Maintenance in Kentico
Many developers think that by providing a finished website, their job is done. Even if they’ve followed all of our best practices regarding website design and setup, there is still an ongoing need to keep the overall system healthy. Websites should be serviced regularly; just like you would service your car.
There are several areas you should pay attention to when maintaining your website. The areas can be divided into:
- Linking content
- Unnecessary performance hogs
- Long term content strategy
- Database health
- File system health
We will take a look at each of these areas, and describe how to tackle them effectively in order to keep your website running smoothly for a long time.
Every page and resource in a website has a unique link. Some pages and resources can be accessed by using different methods. You should always be aware of the benefits and drawbacks of each linking method as you pick the one you will implement. Below is a brief discussion of the most commonly used types of content and their linking options.
Pages can be linked via a live URL, such as ~/Home.aspx. This is the default way in which pages are linked throughout the system (e.g. in navigation web parts) and one of the best options when it comes to linking pages (three SQL queries are required to get the PageInfo of the page). It’s also an SEO-friendly method for linking content.

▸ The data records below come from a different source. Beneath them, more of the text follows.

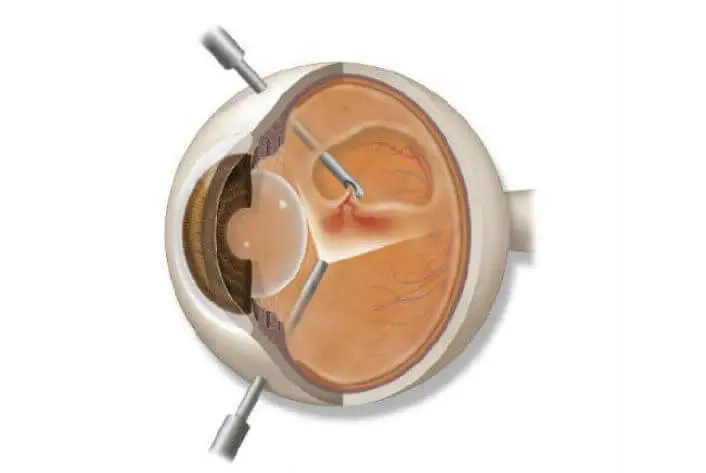 CIRUGÍA DE RETINA CON VITRÉCTOMO STELLARIS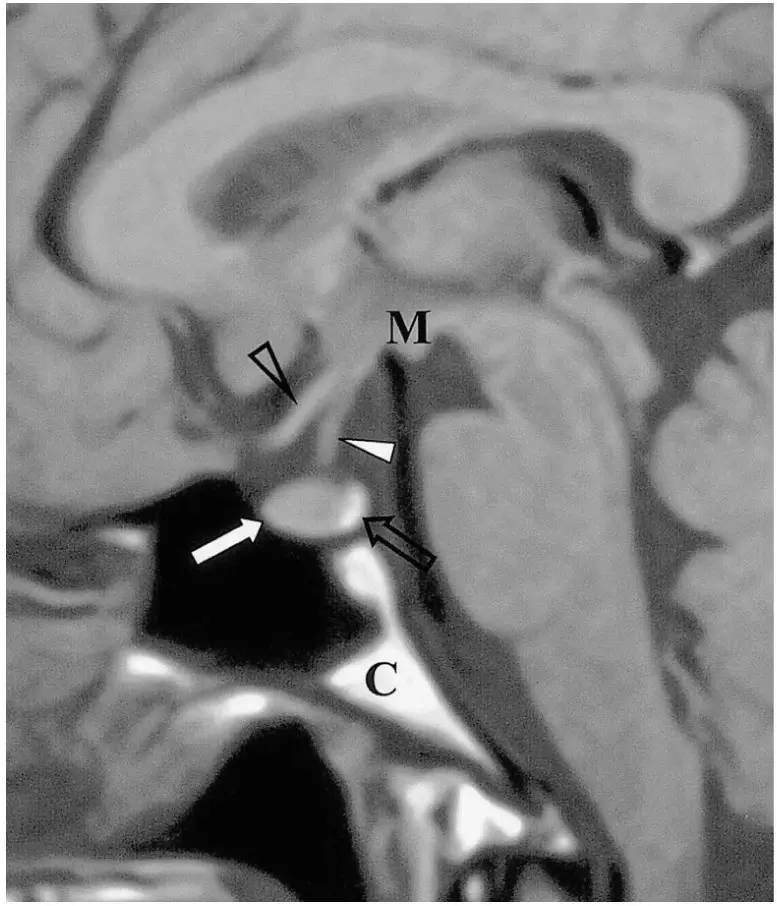 图八 正常垂体 mri t1 加权像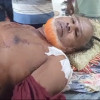 কানাইপুরের সেই দুই প্রতিপক্ষের মধ্যে আবারও সংঘর্ষ, আহত ৫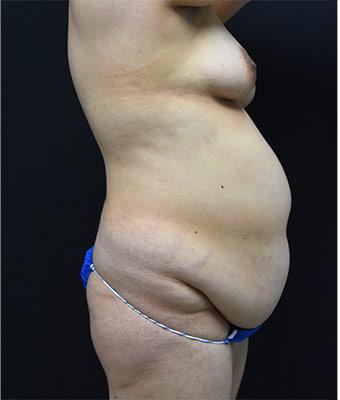 Mommy Makeover Before & After Patient #1229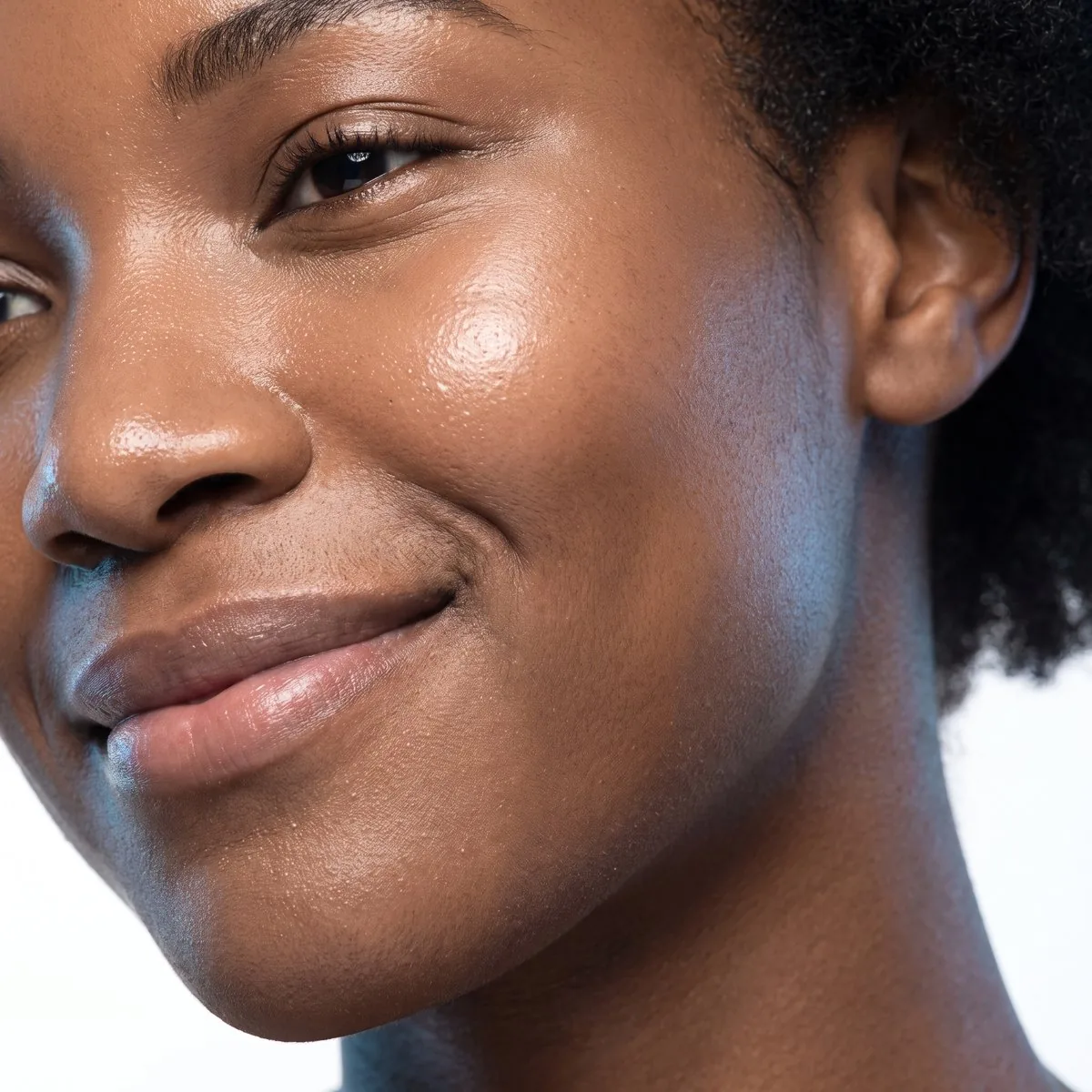 Acne scar treatment at BHRC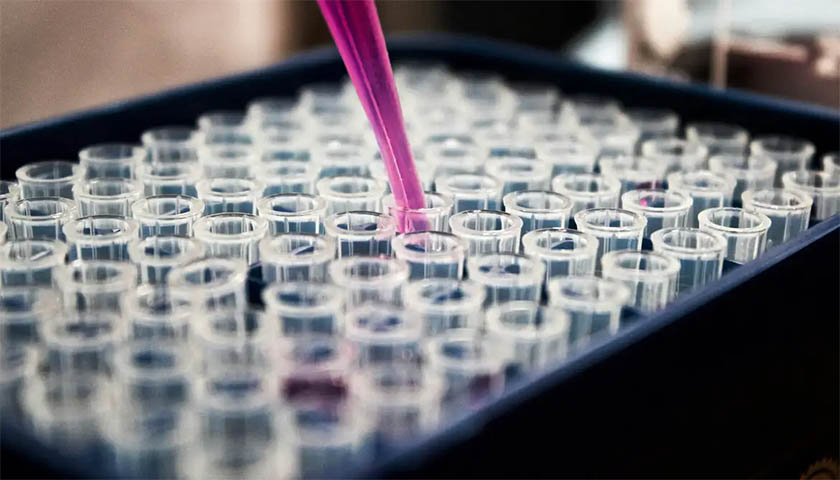 SAÚDE. Pesquisas feitas por cientistas brasileiros avançam no diagnóstico para o ‘Mal de Alzheimer’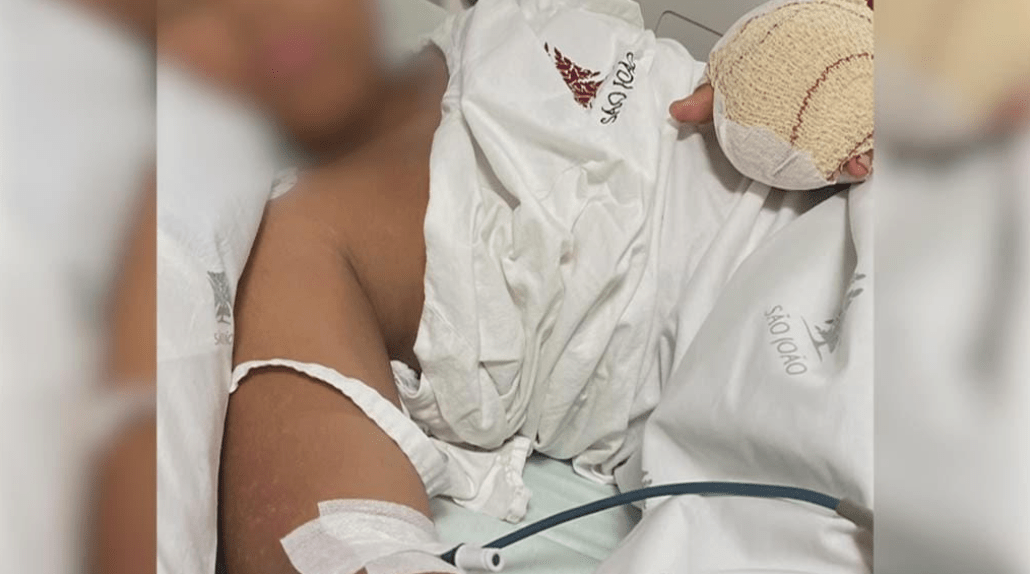 menino-brasileiro-tem-dedos-amputados-apos-agressao-em-escola-de-portugal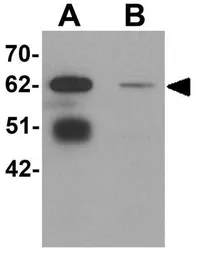 Anti-LRRTM3 antibody used in Western Blot (WB). GTX32003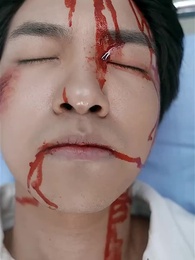 醫武狂婿 - Episode 2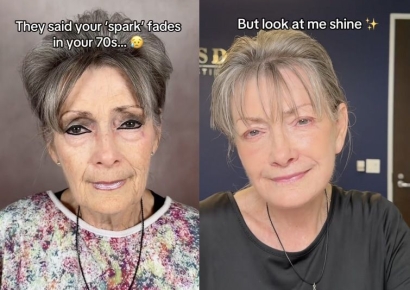 "30년을 되돌렸다"…안면거상술로 변신한 70대 여성 '화제'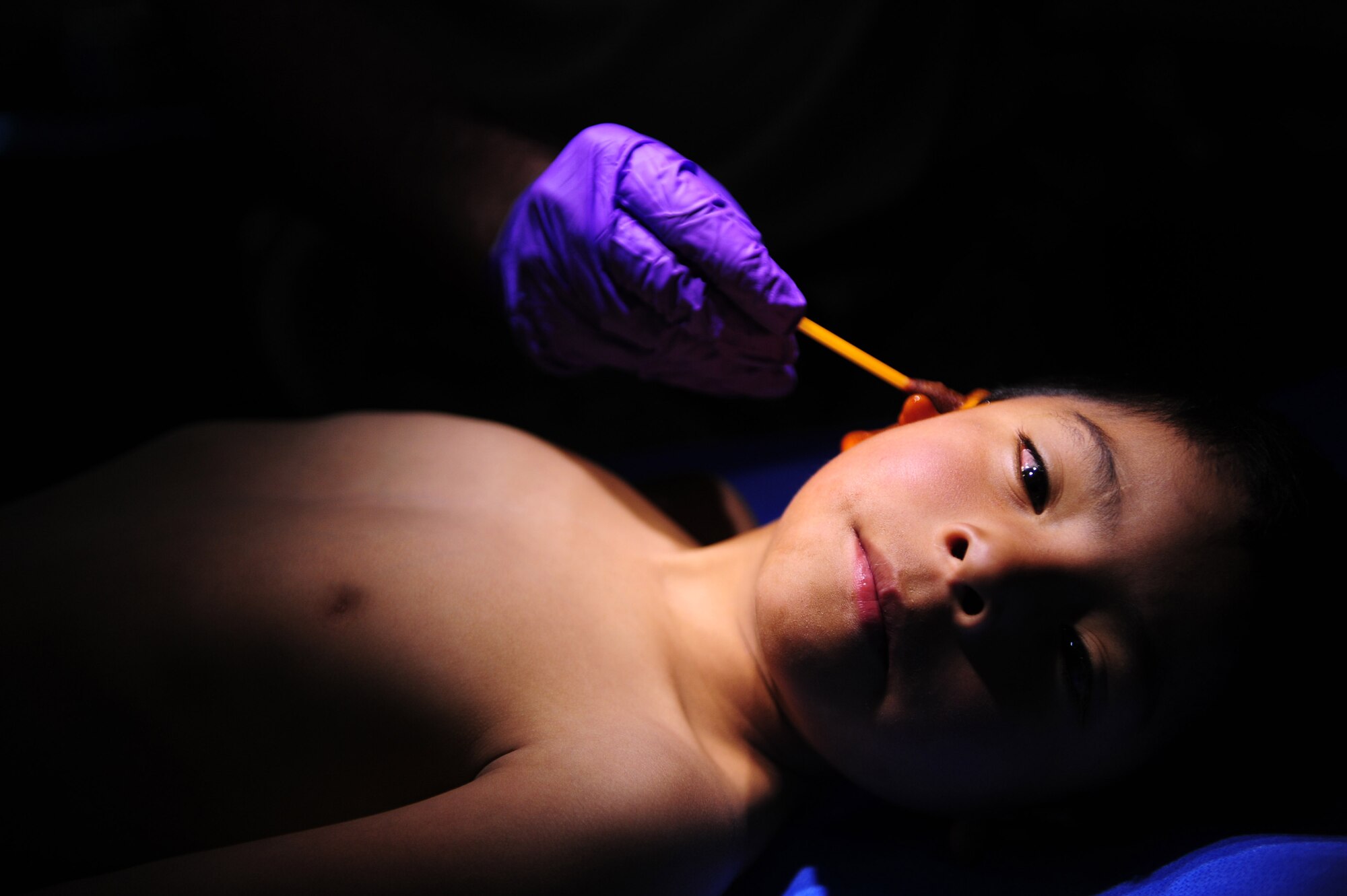 A doctor disinfects a Peruvian boy's ear before beginning surgery to remove a cyst at an Expeditionary Medical Support mobile field hospital in Huancavelica, Peru, July 2, 2012, during New Horizons 2012. New Horizons is a U.S. Southern Command-sponsored annual series of joint humanitarian assistance exercises deploying U.S. military engineers, veterinarians, medics and other professions to Central and South American nations for training, construction projects, and to provide humanitarian and medical services. (U.S. Air Force photo by Staff Sgt. Michael C. Zimmerman/Released)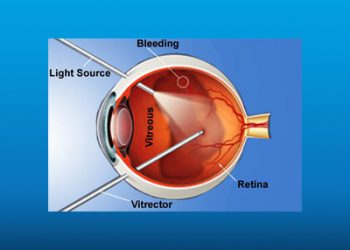 جراحی جداشدگی شبکیه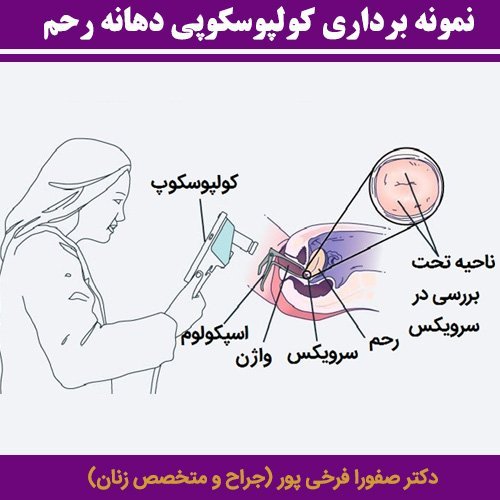  آیا کولپوسکوپی درد دارد؟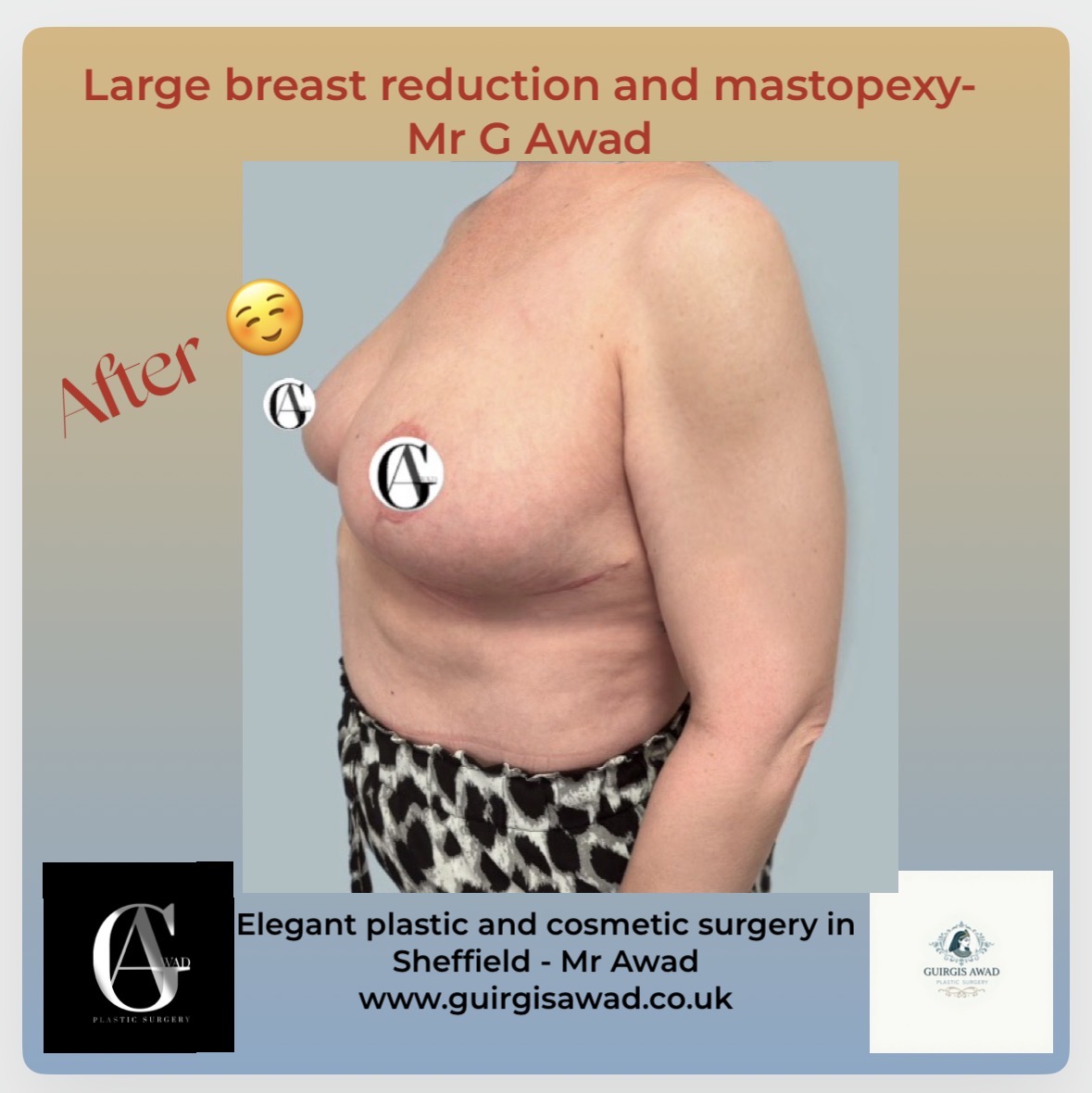 breast reduction after
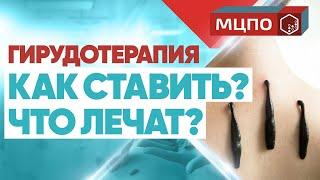 Гирудотерапия | Лечение пиявками. Как ставить пиявки?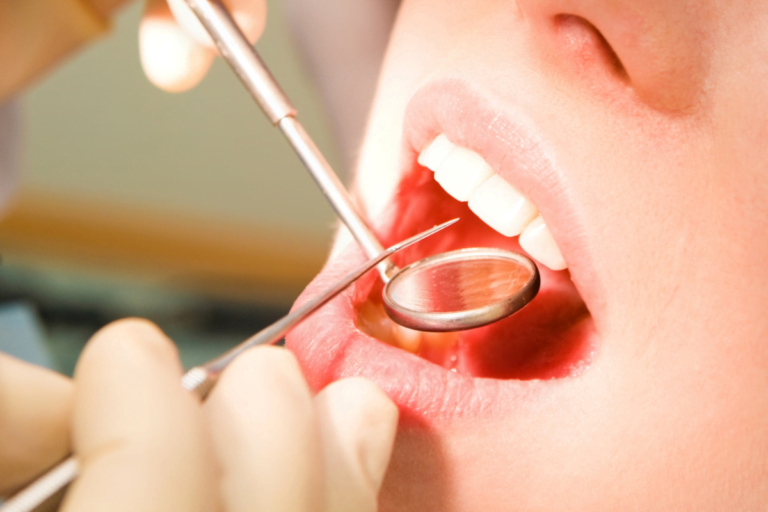 How Do Basic and Major Dental Care Services Differ?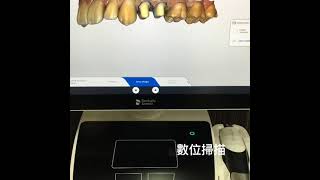 新竹牙醫峰皇牙醫診所 根管治療搭配全瓷冠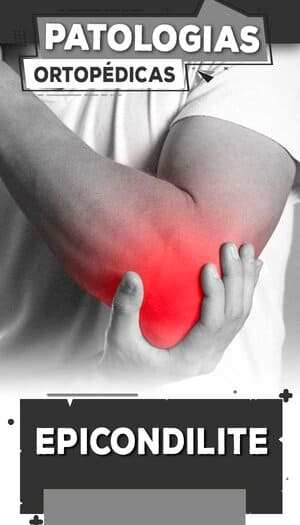 14 - Epicondilite
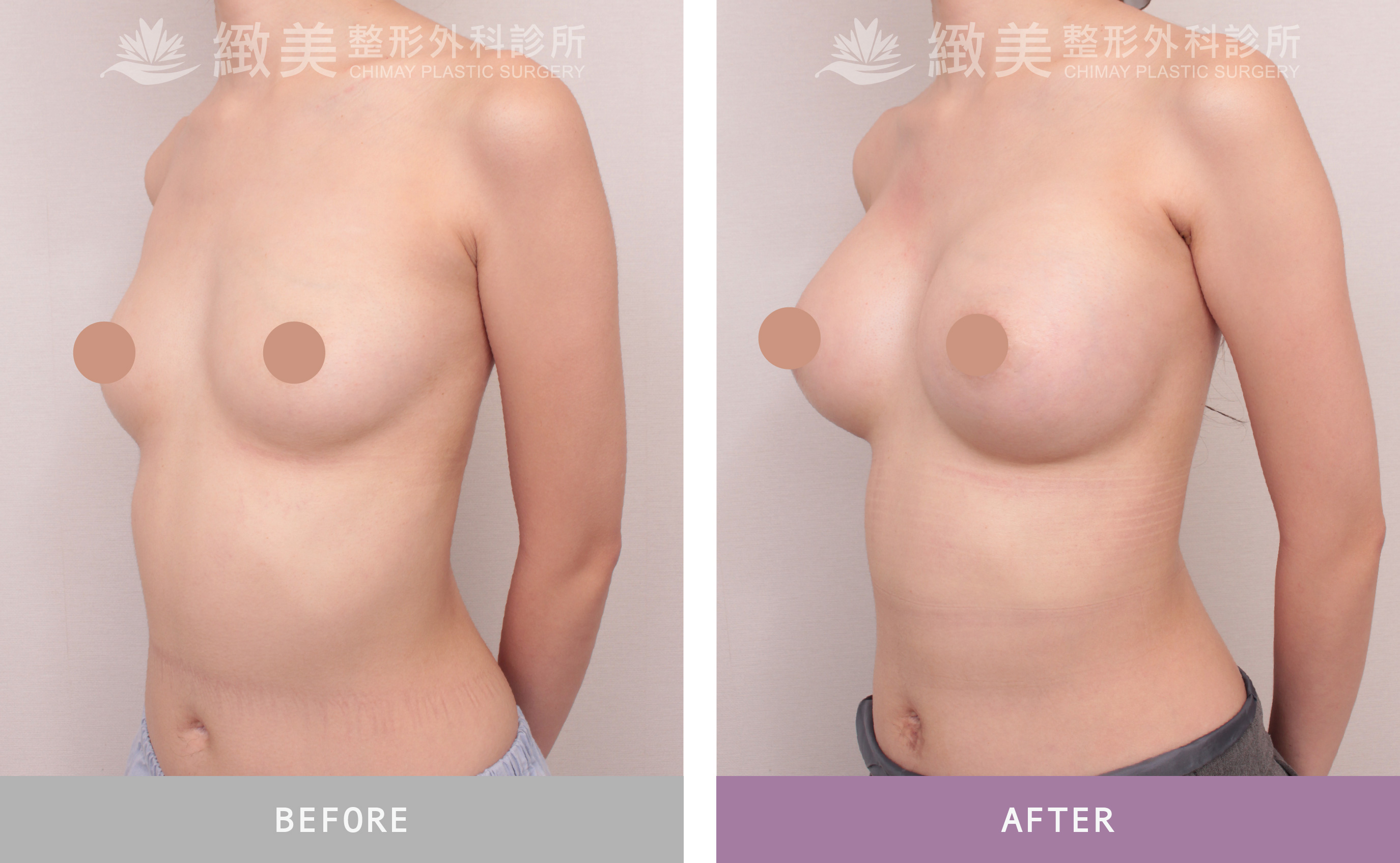 珍珠波隆乳 術後1個月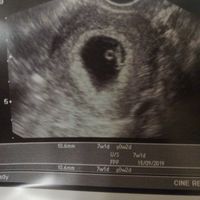 Futuras mamás septiembre 2019 - 1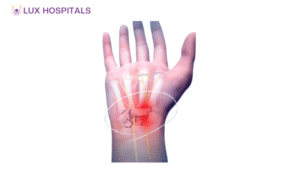 Right Doctor for Carpal Tunnel Syndrome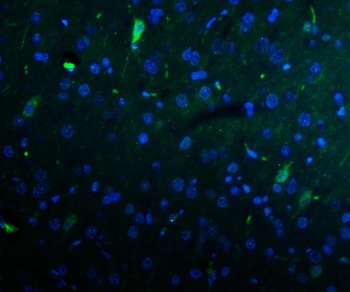 Anti-Kv1.1 potassium channel/KCNA1 Antibody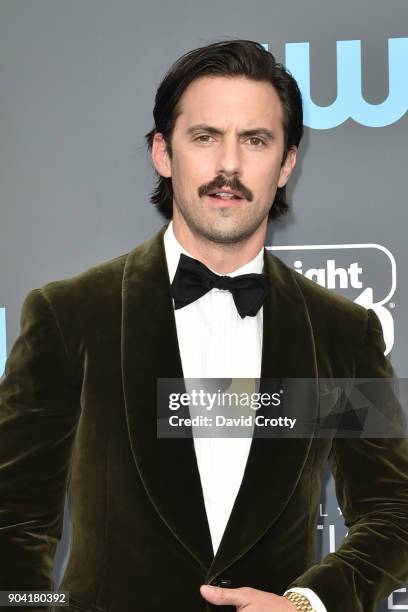 The Story Behind Milo Ventimiglia's Crooked Mouth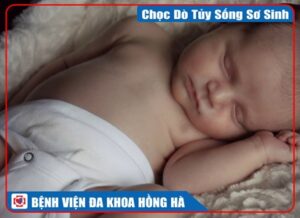 Chọc Dò Tủy Sống Sơ Sinh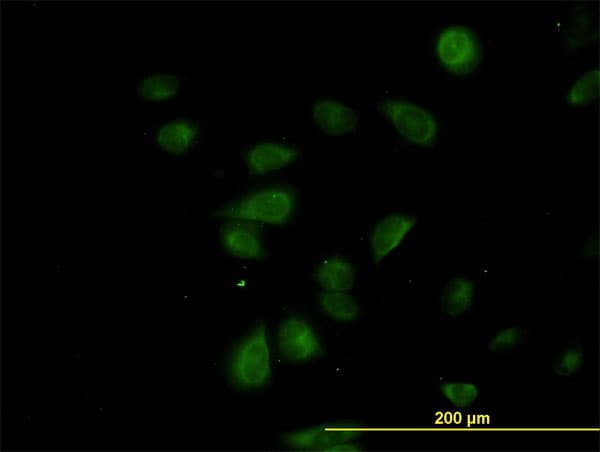CDK5RAP3 Antibody (clone 1G4)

An alternative method for linking content to use a permanent URL, which looks something like this: ~/cms/getdoc/a88f82be-bb76-4b82-8faf-5253209f0f75/Home.aspx. You can force these types of URLs in Kentico via the Use Permanent URLs setting, found under URLs and SEO > Page URLs. This method gives a slight improvement in performance. Additionally the part of the URL after the GUID (in this case Home) isn’t really important, and renaming the page doesn’t impact performance because the page is retrieved via the GUID part of the URL. You may be asking yourself why renaming the page might degrade the performance. If you rename or move a page, Kentico creates page aliases (depending on the chosen setting in Remember original URLs when moving pages, which is enabled by default) for the old name or old location of the given page. If the old links for these pages are used (the old links become aliases), then additional processing is required to retrieve the given page (eight SQL queries are required to get the PageInfo of the page) and on top of that, a redirect (depending on Page alias settings) could take place, slowing down the user experience even further. Another feature that can be used on pages is the Path or pattern field. This property allows you to add one alternative alias to the given page without any performance penalty. This frequently used feature is the wildcard. The most performance friendly approach is to use this wildcard in the Path or pattern field (only six SQL queries are required to get the PageInfo of the page).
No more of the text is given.